We approve the approach adopted by the Tax Court in Gallagher,supra, and we feel it was appropriately applied by the Tax Court in this case. The only point upon which we see any need to expand upon the Tax Court's decision is the Commissioner's argument that, if the business of the liquidated corporation is continued by the new corporation, there is no 'complete liquidation' within the meaning of Sections 331 and 337. This argument, apparently derived from an early report of the Senate Finance Committee, S.Rep. No. 398, 68th Cong., 1st Sess. 12 (1924) and from Treas.Regs. 1-332-2(c) (1955) has been accepted in a dictum by the Fourth Circuit in a decision subsequent to the Tax Court's decision in the instant case. Pridemark, Inc. v. Commissioner, 345 F.2d 35, 41 (4 Cir. 1965).

12

We are in complete agreement with the Tax Court's resolution of this issue; its interpretation reflects the normal meaning of the words 'complete liquidation' in Sections 331 and 337. To adopt the Commissioner's contention would do violence to the plain meaning of these statutes. It is inconceivable that the Berghashes would intentionally have reincorporated a corporation with a net worth of $124,000 if this would require them to pay income taxes of approximately $100,000, as the Commissioner here asserts are owing. We can only conclude that the Tax Court's result is consistent with the intent of Congress, which considered the reincorporation problem in 19547 but rejected specific proposals for dealing with it as the Commissioner suggests.

13

The decision of the Tax Court is affirmed.

1

26 U.S.C. 331

331

Gain or loss to shareholders in corporate liquidations

(a) General rule.--

(1) Complete liquidations.-- Amounts distributed in complete liquidation of a corporation shall be treated as in full payment in exchange for the stock.

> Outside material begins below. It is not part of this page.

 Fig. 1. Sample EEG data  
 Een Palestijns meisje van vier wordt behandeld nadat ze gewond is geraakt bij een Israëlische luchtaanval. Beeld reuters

(2) Partial liquidations.-- Amounts distributed in partial liquidation of a corporation (as defined in section 346) shall be treated as in part or full payment in exchange for the stock. (b) Nonapplication of Section 301. Section 301 (relating to effects on shareholder of distributions of property) shall not apply to any distribution of property in partial or complete liquidation. 26 U.S.C. 337

337

Gain or loss on sales or exchanges in connection with certain liquidations

(a) General rule.-- If--

(1) a corporation adopts a plan of complete liquidation on or after June 22, 1954, and

(2) within the 12-month period beginning on the date of the adoption of such plan, all of the assets of the corporation are distributed in complete liquidation, less assets retained to meet claims, then no gain or loss shall be recognized to such corporation from the sale or exchange by it of property within such 12-month period.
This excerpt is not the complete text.